## Your instructions
Repeat the entries exactly as they appear.

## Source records
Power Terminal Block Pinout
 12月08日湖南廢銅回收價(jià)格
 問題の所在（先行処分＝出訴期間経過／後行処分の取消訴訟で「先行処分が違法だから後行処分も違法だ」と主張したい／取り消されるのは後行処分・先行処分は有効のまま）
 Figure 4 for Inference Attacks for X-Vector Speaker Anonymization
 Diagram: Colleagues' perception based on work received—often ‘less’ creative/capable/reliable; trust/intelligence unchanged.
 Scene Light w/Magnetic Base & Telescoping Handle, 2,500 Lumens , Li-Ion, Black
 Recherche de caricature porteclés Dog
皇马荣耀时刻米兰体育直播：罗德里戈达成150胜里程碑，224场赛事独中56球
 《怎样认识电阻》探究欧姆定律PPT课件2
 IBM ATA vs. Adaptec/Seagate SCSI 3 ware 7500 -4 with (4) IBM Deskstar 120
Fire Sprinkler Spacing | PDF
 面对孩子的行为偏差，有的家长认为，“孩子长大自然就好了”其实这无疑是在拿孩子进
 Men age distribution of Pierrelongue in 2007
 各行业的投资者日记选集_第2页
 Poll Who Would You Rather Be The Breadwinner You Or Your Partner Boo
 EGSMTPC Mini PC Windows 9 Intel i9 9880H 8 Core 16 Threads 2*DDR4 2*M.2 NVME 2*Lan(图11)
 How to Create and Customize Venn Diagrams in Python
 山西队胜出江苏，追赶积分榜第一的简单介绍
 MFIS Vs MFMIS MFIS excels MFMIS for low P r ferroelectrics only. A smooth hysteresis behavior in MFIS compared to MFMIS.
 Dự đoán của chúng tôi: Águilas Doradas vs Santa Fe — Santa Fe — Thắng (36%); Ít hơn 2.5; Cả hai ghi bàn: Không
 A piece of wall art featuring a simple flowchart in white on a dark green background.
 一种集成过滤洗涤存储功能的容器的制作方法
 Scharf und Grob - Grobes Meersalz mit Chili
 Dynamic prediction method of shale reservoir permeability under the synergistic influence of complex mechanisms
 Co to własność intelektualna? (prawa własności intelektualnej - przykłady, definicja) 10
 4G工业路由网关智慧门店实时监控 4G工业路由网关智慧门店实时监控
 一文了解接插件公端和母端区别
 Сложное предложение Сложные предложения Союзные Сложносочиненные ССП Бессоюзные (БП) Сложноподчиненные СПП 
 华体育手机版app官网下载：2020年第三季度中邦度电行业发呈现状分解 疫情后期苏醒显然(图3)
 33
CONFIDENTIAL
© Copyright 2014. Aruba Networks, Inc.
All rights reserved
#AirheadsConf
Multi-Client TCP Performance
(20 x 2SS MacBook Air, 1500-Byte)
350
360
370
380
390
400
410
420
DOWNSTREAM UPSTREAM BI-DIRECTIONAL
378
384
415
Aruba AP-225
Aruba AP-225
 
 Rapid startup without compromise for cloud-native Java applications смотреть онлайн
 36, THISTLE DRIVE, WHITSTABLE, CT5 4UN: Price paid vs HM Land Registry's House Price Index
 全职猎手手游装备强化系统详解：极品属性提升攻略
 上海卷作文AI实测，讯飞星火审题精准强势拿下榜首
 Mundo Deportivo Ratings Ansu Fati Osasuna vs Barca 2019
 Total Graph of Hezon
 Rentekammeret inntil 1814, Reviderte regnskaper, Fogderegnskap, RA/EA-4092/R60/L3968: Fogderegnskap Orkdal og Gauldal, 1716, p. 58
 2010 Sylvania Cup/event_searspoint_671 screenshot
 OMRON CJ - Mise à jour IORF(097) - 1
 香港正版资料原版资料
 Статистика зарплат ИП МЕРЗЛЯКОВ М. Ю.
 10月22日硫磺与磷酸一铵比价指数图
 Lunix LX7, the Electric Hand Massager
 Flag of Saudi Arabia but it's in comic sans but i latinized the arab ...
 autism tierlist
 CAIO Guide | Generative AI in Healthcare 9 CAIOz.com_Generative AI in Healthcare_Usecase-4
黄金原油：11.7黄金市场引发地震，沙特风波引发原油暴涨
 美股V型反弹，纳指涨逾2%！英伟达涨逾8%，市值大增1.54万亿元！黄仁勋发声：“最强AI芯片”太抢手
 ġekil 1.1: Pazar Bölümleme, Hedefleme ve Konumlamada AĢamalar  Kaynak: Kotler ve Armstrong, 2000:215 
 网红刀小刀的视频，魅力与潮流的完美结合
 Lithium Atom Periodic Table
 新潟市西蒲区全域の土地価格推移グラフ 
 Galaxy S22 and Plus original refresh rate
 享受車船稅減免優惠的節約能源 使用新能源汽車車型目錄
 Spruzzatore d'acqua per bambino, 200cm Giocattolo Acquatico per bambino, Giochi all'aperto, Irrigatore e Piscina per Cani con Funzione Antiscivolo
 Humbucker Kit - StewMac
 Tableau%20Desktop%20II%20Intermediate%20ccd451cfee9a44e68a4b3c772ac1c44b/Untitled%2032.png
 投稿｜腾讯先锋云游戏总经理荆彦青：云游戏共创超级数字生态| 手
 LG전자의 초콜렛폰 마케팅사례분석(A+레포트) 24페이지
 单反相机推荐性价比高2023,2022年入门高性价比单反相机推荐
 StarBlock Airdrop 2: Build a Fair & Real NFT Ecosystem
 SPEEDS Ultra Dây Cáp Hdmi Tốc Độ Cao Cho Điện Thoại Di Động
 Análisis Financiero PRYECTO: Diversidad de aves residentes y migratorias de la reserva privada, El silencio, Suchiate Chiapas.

## Written reply
Power Terminal Block Pinout
 12月08日湖南廢銅回收價(jià)格
 問題の所在（先行処分＝出訴期間経過／後行処分の取消訴訟で「先行処分が違法だから後行処分も違法だ」と主張したい／取り消されるのは後行処分・先行処分は有効のまま）
 Figure 4 for Inference Attacks for X-Vector Speaker Anonymization
 Diagram: Colleagues' perception based on work received—often ‘less’ creative/capable/reliable; trust/intelligence unchanged.
 Scene Light w/Magnetic Base & Telescoping Handle, 2,500 Lumens , Li-Ion, Black
 Recherche de caricature porteclés Dog
皇马荣耀时刻米兰体育直播：罗德里戈达成150胜里程碑，224场赛事独中56球
 《怎样认识电阻》探究欧姆定律PPT课件2
 IBM ATA vs. Adaptec/Seagate SCSI 3 ware 7500 -4 with (4) IBM Deskstar 120
Fire Sprinkler Spacing | PDF
 面对孩子的行为偏差，有的家长认为，“孩子长大自然就好了”其实这无疑是在拿孩子进
 Men age distribution of Pierrelongue in 2007
 各行业的投资者日记选集_第2页
 Poll Who Would You Rather Be The Breadwinner You Or Your Partner Boo
 EGSMTPC Mini PC Windows 9 Intel i9 9880H 8 Core 16 Threads 2*DDR4 2*M.2 NVME 2*Lan(图11)
 How to Create and Customize Venn Diagrams in Python
 山西队胜出江苏，追赶积分榜第一的简单介绍
 MFIS Vs MFMIS MFIS excels MFMIS for low P r ferroelectrics only. A smooth hysteresis behavior in MFIS compared to MFMIS.
 Dự đoán của chúng tôi: Águilas Doradas vs Santa Fe — Santa Fe — Thắng (36%); Ít hơn 2.5; Cả hai ghi bàn: Không
 A piece of wall art featuring a simple flowchart in white on a dark green background.
 一种集成过滤洗涤存储功能的容器的制作方法
 Scharf und Grob - Grobes Meersalz mit Chili
 Dynamic prediction method of shale reservoir permeability under the synergistic influence of complex mechanisms
 Co to własność intelektualna? (prawa własności intelektualnej - przykłady, definicja) 10
 4G工业路由网关智慧门店实时监控 4G工业路由网关智慧门店实时监控
 一文了解接插件公端和母端区别
 Сложное предложение Сложные предложения Союзные Сложносочиненные ССП Бессоюзные (БП) Сложноподчиненные СПП 
 华体育手机版app官网下载：2020年第三季度中邦度电行业发呈现状分解 疫情后期苏醒显然(图3)
 33
CONFIDENTIAL
© Copyright 2014. Aruba Networks, Inc.
All rights reserved
#AirheadsConf
Multi-Client TCP Performance
(20 x 2SS MacBook Air, 1500-Byte)
350
360
370
380
390
400
410
420
DOWNSTREAM UPSTREAM BI-DIRECTIONAL
378
384
415
Aruba AP-225
Aruba AP-225
 
 Rapid startup without compromise for cloud-native Java applications смотреть онлайн
 36, THISTLE DRIVE, WHITSTABLE, CT5 4UN: Price paid vs HM Land Registry's House Price Index
 全职猎手手游装备强化系统详解：极品属性提升攻略
 上海卷作文AI实测，讯飞星火审题精准强势拿下榜首
 Mundo Deportivo Ratings Ansu Fati Osasuna vs Barca 2019
 Total Graph of Hezon
 Rentekammeret inntil 1814, Reviderte regnskaper, Fogderegnskap, RA/EA-4092/R60/L3968: Fogderegnskap Orkdal og Gauldal, 1716, p. 58
 2010 Sylvania Cup/event_searspoint_671 screenshot
 OMRON CJ - Mise à jour IORF(097) - 1
 香港正版资料原版资料
 Статистика зарплат ИП МЕРЗЛЯКОВ М. Ю.
 10月22日硫磺与磷酸一铵比价指数图
 Lunix LX7, the Electric Hand Massager
 Flag of Saudi Arabia but it's in comic sans but i latinized the arab ...
 autism tierlist
 CAIO Guide | Generative AI in Healthcare 9 CAIOz.com_Generative AI in Healthcare_Usecase-4
黄金原油：11.7黄金市场引发地震，沙特风波引发原油暴涨
 美股V型反弹，纳指涨逾2%！英伟达涨逾8%，市值大增1.54万亿元！黄仁勋发声：“最强AI芯片”太抢手
 ġekil 1.1: Pazar Bölümleme, Hedefleme ve Konumlamada AĢamalar  Kaynak: Kotler ve Armstrong, 2000:215 
 网红刀小刀的视频，魅力与潮流的完美结合
 Lithium Atom Periodic Table
 新潟市西蒲区全域の土地価格推移グラフ 
 Galaxy S22 and Plus original refresh rate
 享受車船稅減免優惠的節約能源 使用新能源汽車車型目錄
 Spruzzatore d'acqua per bambino, 200cm Giocattolo Acquatico per bambino, Giochi all'aperto, Irrigatore e Piscina per Cani con Funzione Antiscivolo
 Humbucker Kit - StewMac
 Tableau%20Desktop%20II%20Intermediate%20ccd451cfee9a44e68a4b3c772ac1c44b/Untitled%2032.png
 投稿｜腾讯先锋云游戏总经理荆彦青：云游戏共创超级数字生态| 手
 LG전자의 초콜렛폰 마케팅사례분석(A+레포트) 24페이지
 单反相机推荐性价比高2023,2022年入门高性价比单反相机推荐
 StarBlock Airdrop 2: Build a Fair & Real NFT Ecosystem
 SPEEDS Ultra Dây Cáp Hdmi Tốc Độ Cao Cho Điện Thoại Di Động
 Análisis Financiero PRYECTO: Diversidad de aves residentes y migratorias de la reserva privada, El silencio, Suchiate Chiapas.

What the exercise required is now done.